识海里,系统看着青依在那疯狂变幻的脸色,默默啃了一口胡萝卜,在心里疯狂吐槽:“迪化,这绝对是绝症晚期,没救了。”
“是何人下的毒?”
青依不再刻意伪装。
属于散仙极巅的恐怖威压在她周身寸许范围内疯狂压缩、碰撞,那双清澈的眸子此刻被漆黑的戾气填满。
“我去杀了他。”
青依说得很平静,但木晚吟毫不怀疑,只要自己报出一个名字,这丫头下一秒就能跨越界把对方连带着祖上、路过的狗都挫骨扬灰。
这正中木晚吟下怀。
“此毒并非人力所为,乃是界海深处遗留的诅咒。”
木晚吟随口胡诌了一个极其宏大的背景,让对方想找人报仇都找不到目标。
她看着青依眼中渐渐浮现出的茫然与急躁,抛出了真正的鱼饵。
“不过,族中几位老祖曾联手耗费寿元推演过天机。”
“这方世界,有破局之法。

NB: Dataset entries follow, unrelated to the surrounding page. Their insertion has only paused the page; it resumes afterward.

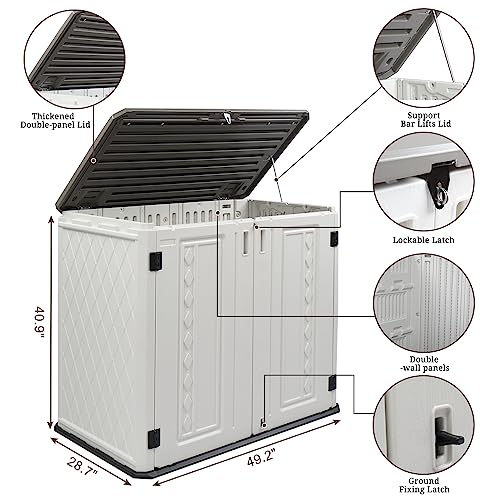 VINGLI Outdoor Storage Shed Resin Cabinet with Lockable Design, White M333440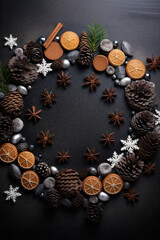 Fototapeta na wymiar Christmas composition. Wreath made of spices and dry oranges Flat lay, top view, copy space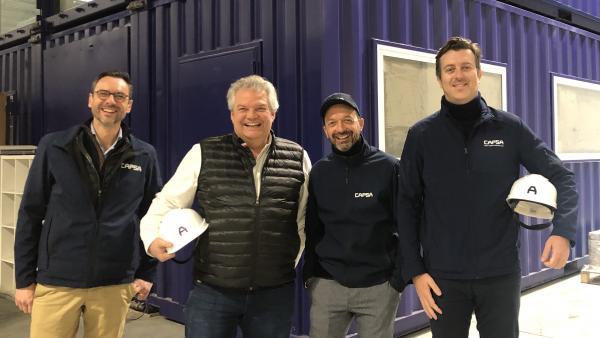 Guillaume Boissière (dg délégué Capsa Container), Pierre Pernias (président du Groupe Dreyer), Thierry Ruscica (dg du Groupe Dreyer) et Félix Baezner (dg de Capsa Container).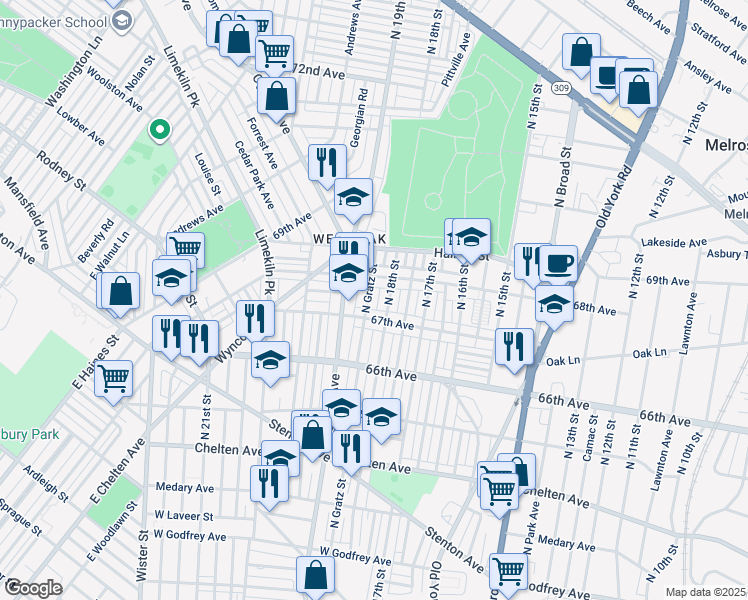 map of restaurants, bars, coffee shops, grocery stores, and more near 6725 North Gratz Street in Philadelphia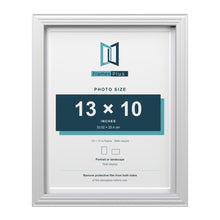 Devon White 14 x 11 inch picture frame with a white mount for a 13 x 10 inch photo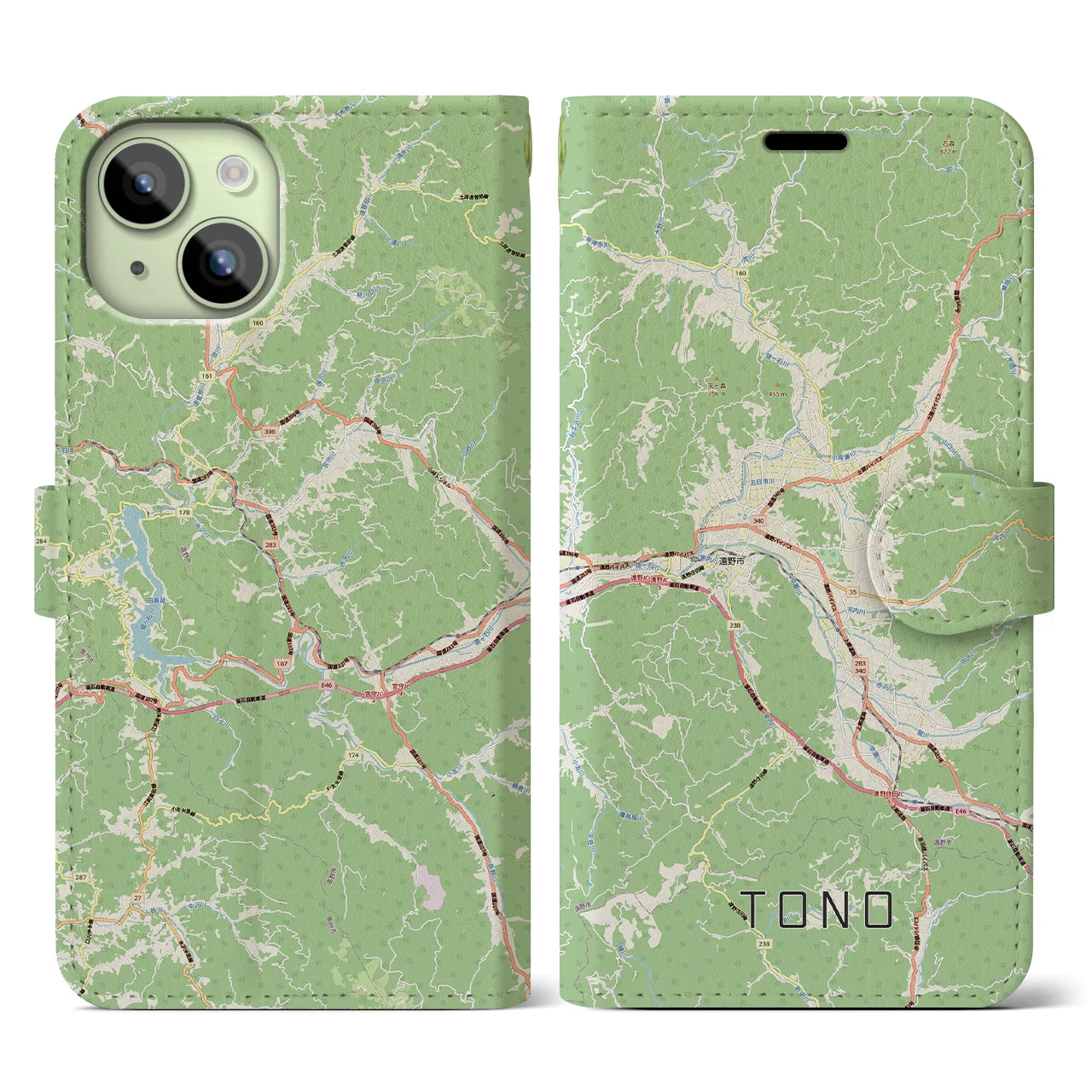 【遠野(岩手県)】地図柄iPhoneケース(手帳タイプ)ナチュラル・iPhone 15 用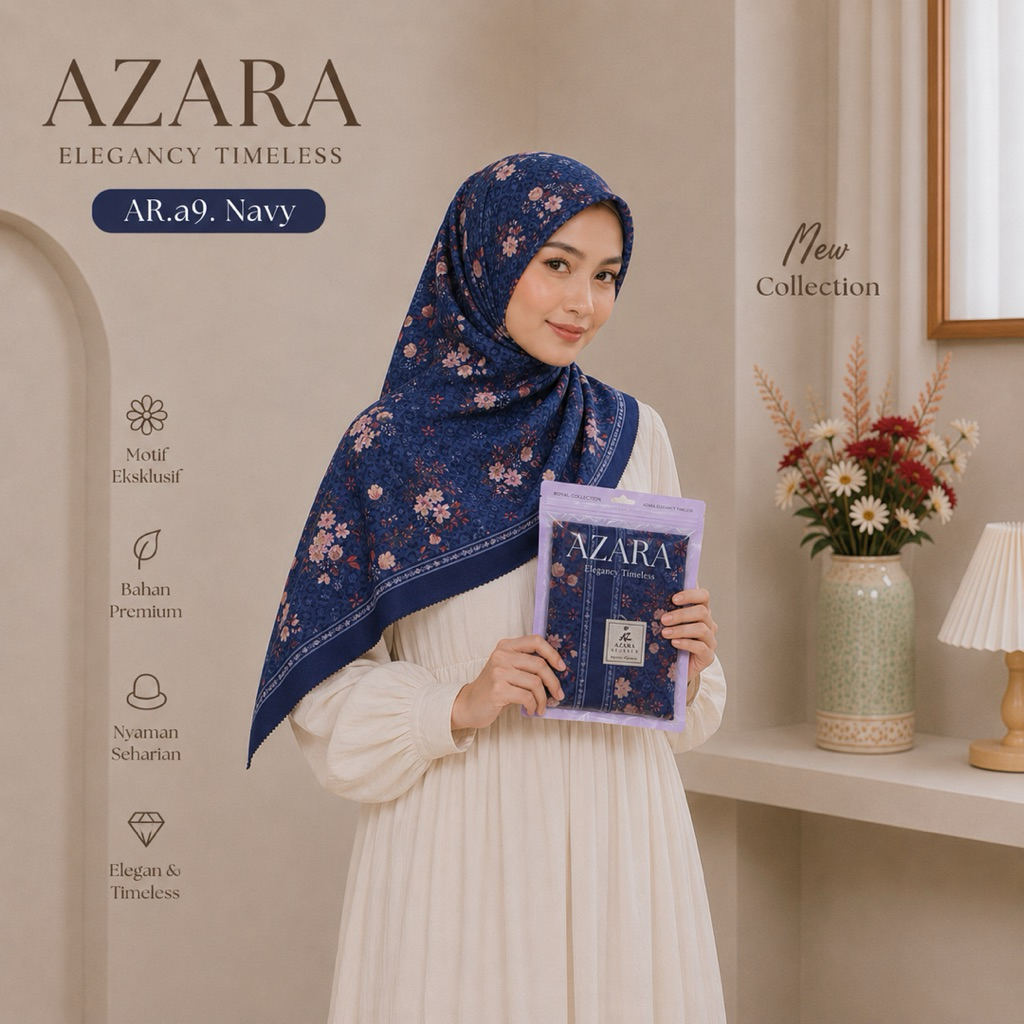 [ ECER ] Azara motif / Jilbab segiempat motif / Jilbab motif Azara Logo besi / Hijab motif / Jilbab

”
青依立刻竖起耳朵,连呼吸都屏住了。
“老祖言,这三十六天域中,散落着诸多‘大气运者’。那些得天独厚、气运加身之人身上,带有一缕能解我这隐疾的机缘。”
木晚吟微微摇头。
“只可惜,天机混沌。不知那机缘具体在哪个气运者身上,不知是男是女,甚至不知长什么模样。”
“只能在这大千世界中,一一去寻,碰那虚无缥缈的运气。”
话音落下,青依眼底那股茫然瞬间消散。
原来如此!
她就说嘛,娘子这一世有着那般通天背景,为何还要屈尊降贵来到正方世界,甚至隐姓埋名创办什么长生书院。
原来全都是为了找解药!
为了接触那些天才,从他们中间筛选出所谓的大气运者!
青依在心底将最后一块拼图完美闭环。
“找人……”
青依轻笑出声:“娘子身子金贵,这等粗活,怎么能让娘子亲自去跑?”
她上前一步,“交给我。”
青依信誓旦旦,也不管什么可爱单纯人设了。
“不管三十六天域多大,不管有多少个所谓的大气运者。青依全都给娘子抓回来!”
“只要是身上有点机缘的,哪怕是天王老子,我也要剥......把东西全搜出来给娘子试药!”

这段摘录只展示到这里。